International education providers have “a real wealth of experience” initially providing care and inviting students onshore which “has been translated when these institutions have gone out and established partnerships” globally, he suggested.

“A lot of Australian universities and other providers are well linked in with institutions overseas in different markets,” Croucher noted, and they have shown they can build “really strong” partnerships as well as operate and work with different governments.

He said flexibility in their offering is another success factor.

“We found through the interviews and also through the survey that amongst Australian universities and more broadly higher education providers, there’s really a lot of different models there. People have built arrangements for different markets, countries, contexts [that] work for them.

“That really probably was one of the key messages for us – there was such diversity in TNE offerings [which] was probably a point of strength because it demonstrates that people are adaptable.”

The report states primarily the focus has been on a limited market namely Singapore, China, and Malaysia who have 59,000 of the 84,000 students studying a TNE course with Australian providers at a campus outside Australia.

While these are still important markets, Australian institutions see opportunities for deepening existing partnerships with Chinese institutions. They’ve also identified the potential for significant growth in other countries including Sri Lanka, Vietnam and India.

However the report found establishing new TNE programs, particularly using an International Branch Campus model, can pose a number of distinct challenges.

“One thing that the report revealed was that providers are most concerned about a lot of the sovereign issues, and by that I mean how they’re dealing with governments and the rules in different countries and navigating that can be quite complex,” said Croucher.

National internet firewalls, clarity around program approval, curriculum mapping, taxation rules, and difficulty in obtaining visas were also raised as challenges.
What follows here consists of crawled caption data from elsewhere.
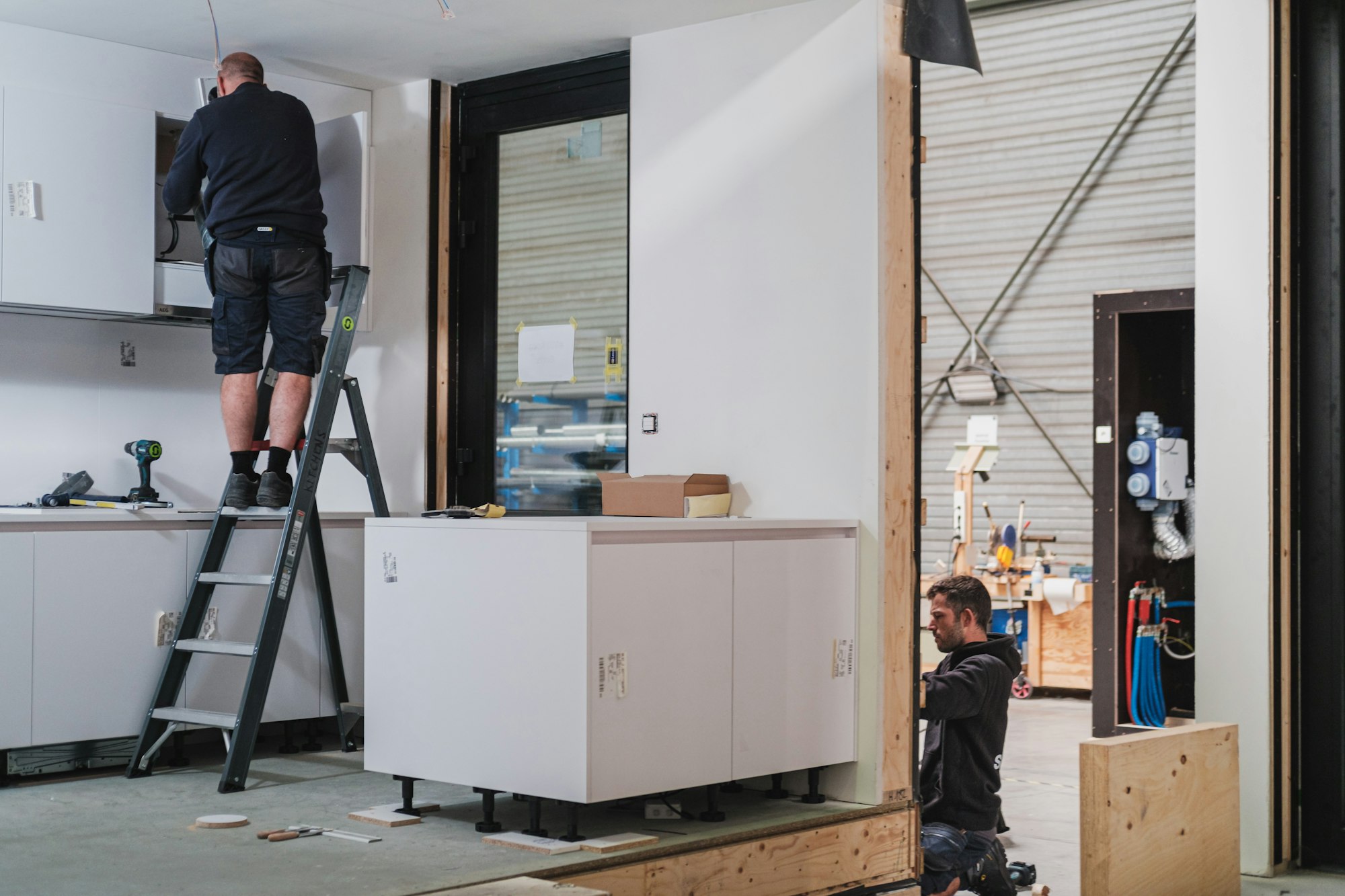 Bouwvakkers werken aan de keuken van een prefab houtskeletbouw module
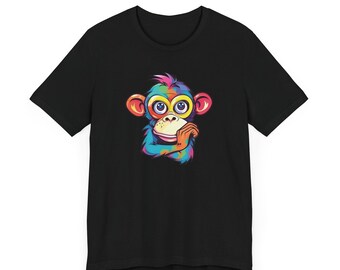 May include: Black t-shirt with a colorful cartoon monkey wearing glasses. The monkey is looking to the right and has its hand on its chin.
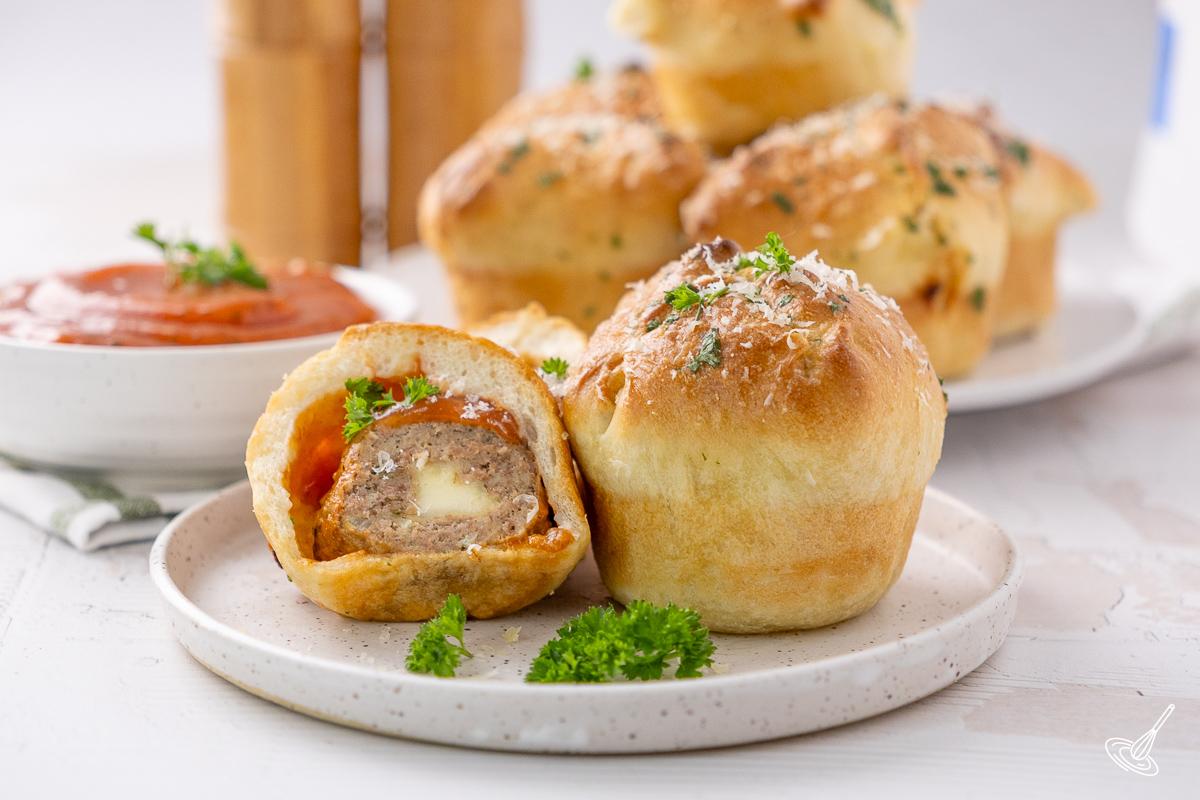 Turkey meatball pizza muffins on a plate.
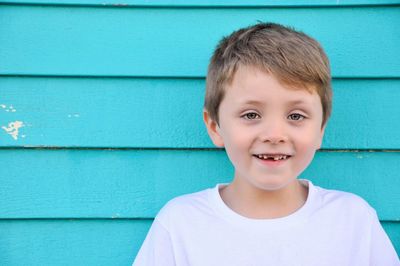 Portrait of smiling boy against wall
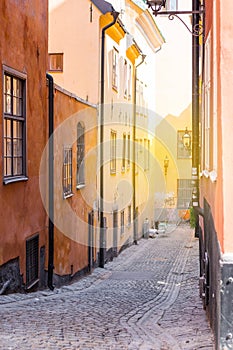 Along the streets of The Old Town, Gamla Stan in Stockholm, Sweden. Summer day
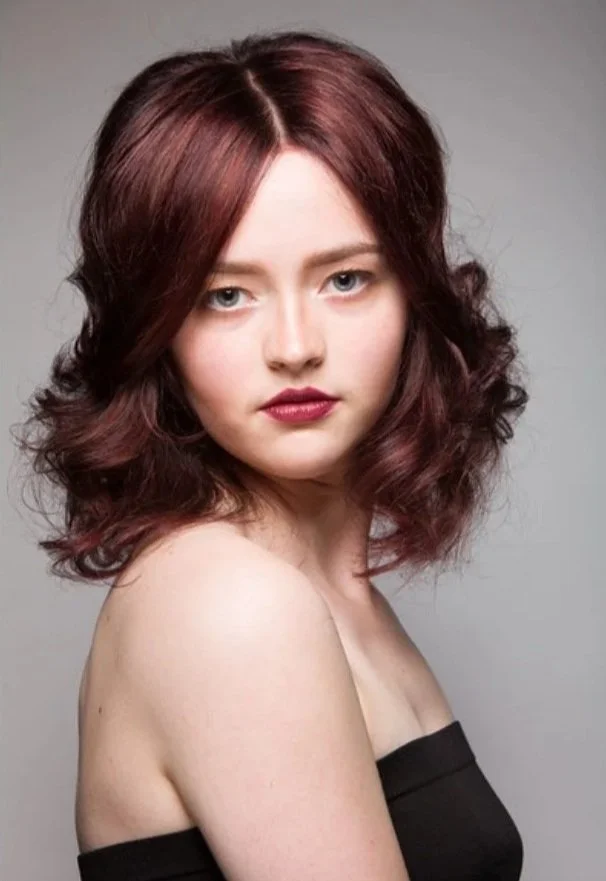 A young woman with wavy, shoulder-length reddish-brown hair looking at the camera with a neutral expression, wearing a black off-the-shoulder top against a plain gray background.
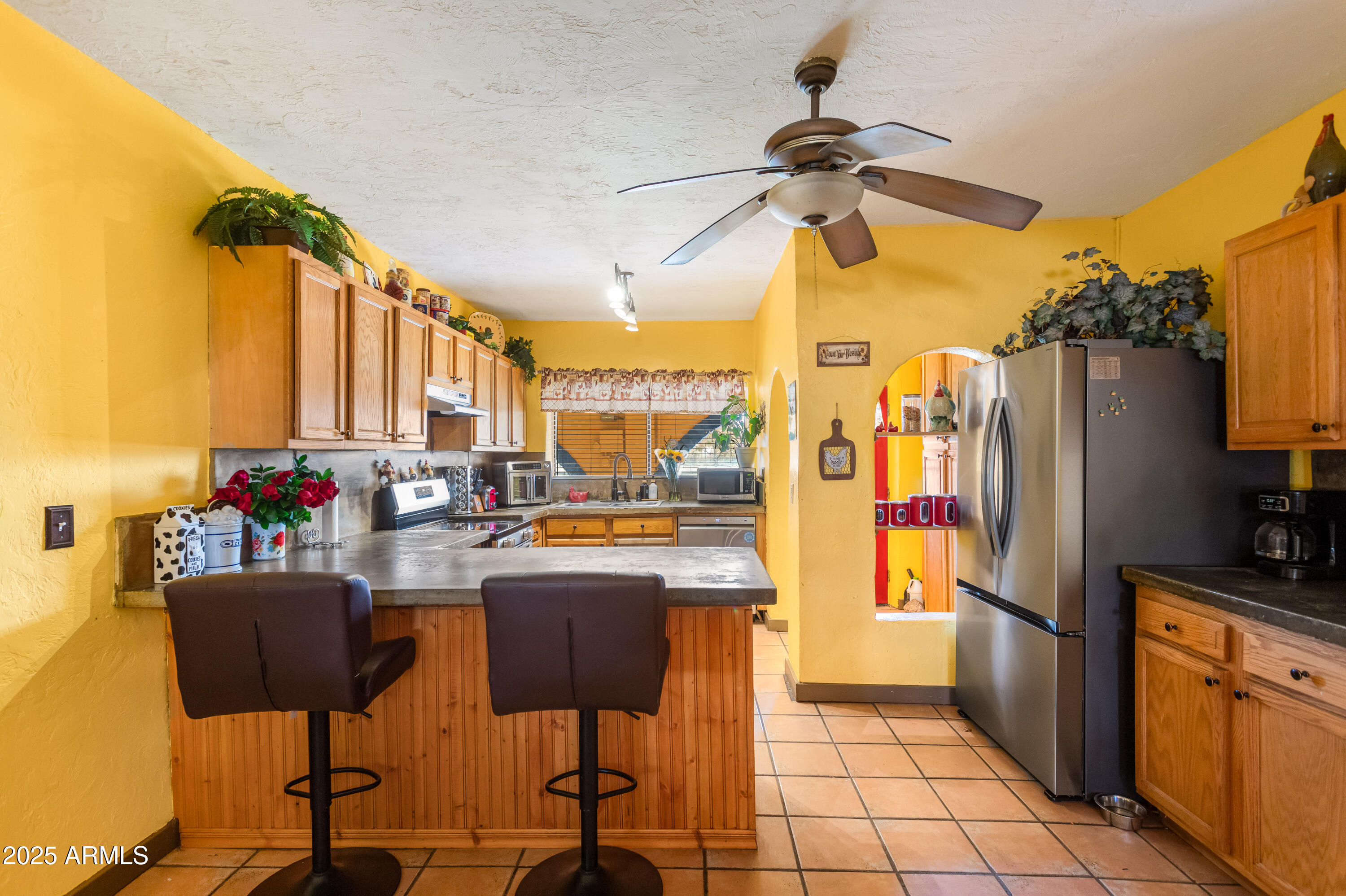 4181 West Double Adobe Road McNeal, AZ 85617 - Photo 13 of 41 a kitchen with stainless steel appliances a refrigerator and a stove top oven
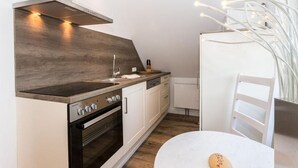 A compact kitchen with a stove, oven, and white cabinets. - Seerose Sylt - Modern 3-room apartment with dune view and balcony (Sylt)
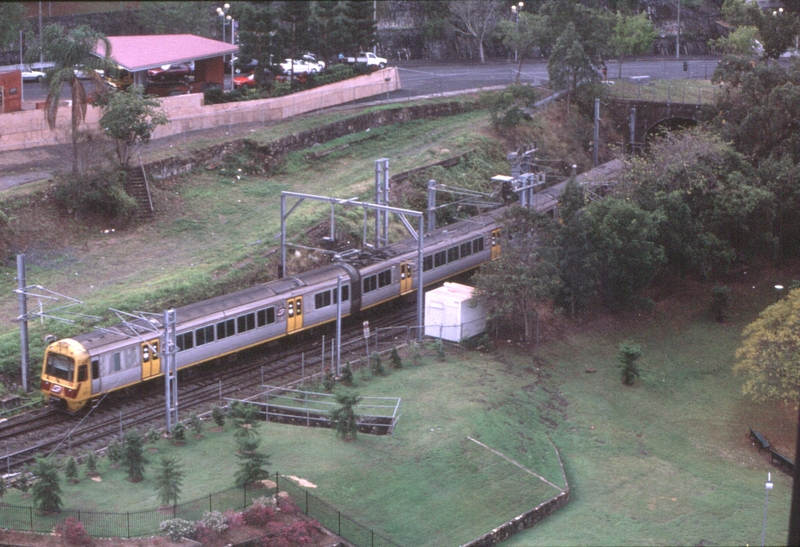 127716: Roma Street Suburban Train entering old tunnel viewed from 'Holiday Inn'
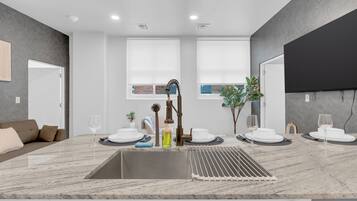A modern kitchen with a marble countertop, a sink, and a dining area with white plates and glasses.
While delivering TNE solely online would sidestep a number of those problems, Croucher said that method would have it’s own set of challenges.

It would require addressing preconceptions about quality and applicability, along with strategies to ensure that curricular and content meet cultural and educational expectations for students in different countries.

“The question is, is all online education TNE in the sense that you can be anywhere in the world, or are we talking about something more bespoke to particular countries, markets, regions etc so it’s there and it’s attractive and it’s tailored to people.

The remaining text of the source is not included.